NewsPoliticsOn Thursday, a federal judge in Texas ruled that Obamacare’s requirement that health insurance cover preventive health care at no cost is unconstitutional and struck it down nationwide. The ruling affects PrEP for HIV, cancer screenings, mammograms, and some prenatal care including screenings for gestational diabetes and preeclampsia. (It does not affect the birth control coverage mandate, as the judge dismissed that part of the lawsuit, and it also doesn’t affect the HPV vaccine, coverage of which plaintiffs also objected to in their original claim.) Some insurance companies will continue to cover these services cost-free as it makes financial sense to do so, but others may decide to go back to charging deductibles or co-pays.
All of these changes could lead to people not getting adequate health care and getting sick and dying. Preeclampsia, for instance, can be imminently life-threatening for pregnant people, who are now subject to abortion bans in almost 20 states.
How did we get here?
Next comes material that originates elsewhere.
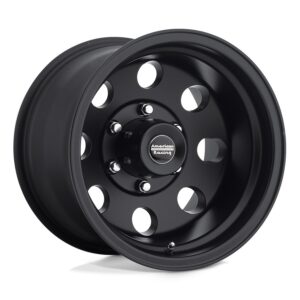 AMERICAN RACING WHEELS BAJA 15x8 5x139.70 Satin Black Wheel AR1725885B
Two Texas companies sued the Department of Health and Human Services in 2020, claiming that they wanted to provide health insurance to employees that didn’t cover PrEP drugs because they objected to it “on religious grounds.” The judge summarized their bigoted argument like so:
Each claims that the preventive care mandates requiring compulsory coverage for those services violates their religious beliefs by making them complicit in facilitating homosexual behavior, drug use, and sexual activity outside of marriage between one man and one woman as a condition of purchasing health insurance.
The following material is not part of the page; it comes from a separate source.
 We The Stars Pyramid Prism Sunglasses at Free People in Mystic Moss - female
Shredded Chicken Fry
Of course, that reasoning ignores that even monogamous, heterosexual people who don’t use intravenous drugs can and do get HIV. The companies argued more generally that it’s unconstitutional for the government to let medical agencies decide what health insurance has to cover without cost-sharing. And they also wanted “the option to impose copays or deductibles” for other preventive care.
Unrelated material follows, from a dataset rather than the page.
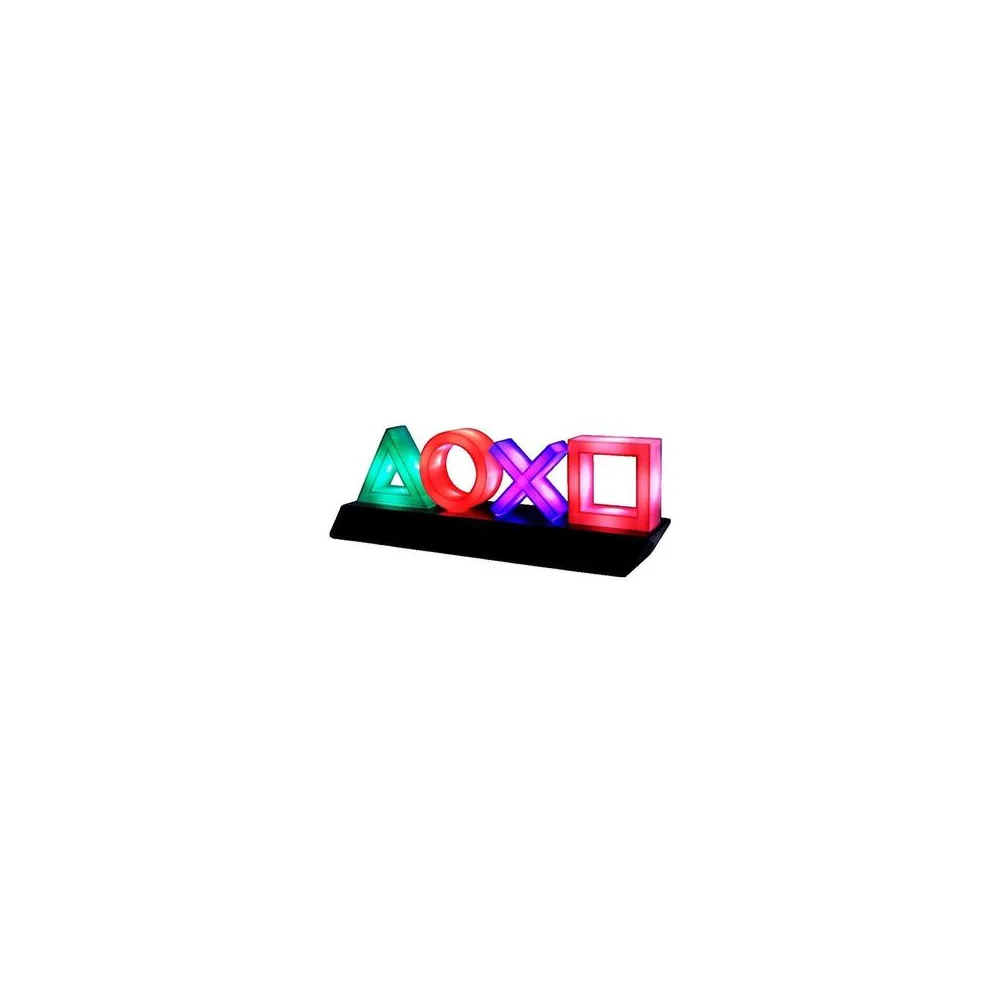 Díszlámpák Paladone Lampe à poser Playstation Icons Light V3 verte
On Thursday, Judge Reed O’Connor—a George W. Bush appointee—ruled that the U.S. Preventive Services Task Force (USPSTF), an agency that decides what preventive care should be covered, doesn’t have the constitutional authority to do so. He said that any recommendations made by the USPSTF were no longer valid. O’Connor had previewed his opposition to requiring PrEP coverage back in September, but didn’t issue a nationwide injunction at that time. The case is Braidwood Management Inc. v. Xavier Becerra and the plaintiffs’ lawyer is none other than Jonathan Mitchell, the architect of the Texas bounty-hunter abortion ban and a strident homophobe. Braidwood’s owner is Republican megadonor Steven Hotze, who, in 2016, compared gay people to termites that “eat away at the very moral fabric of the foundation of our country.” He’s also been charged for bankrolling a 2020 election fraud scheme.
Experts noted after Donald Trump won in 2016 that his administration could target the preventive care mandate; while he didn’t do that, he did litter the federal court system with ideologue judges in the mold of O’Connor that have lifetime appointments. O’Connor’s decision comes as we await a ruling from a different Texas judge in a case where anti-abortion groups sued the Food and Drug Administration to revoke approval for a key medication abortion drug.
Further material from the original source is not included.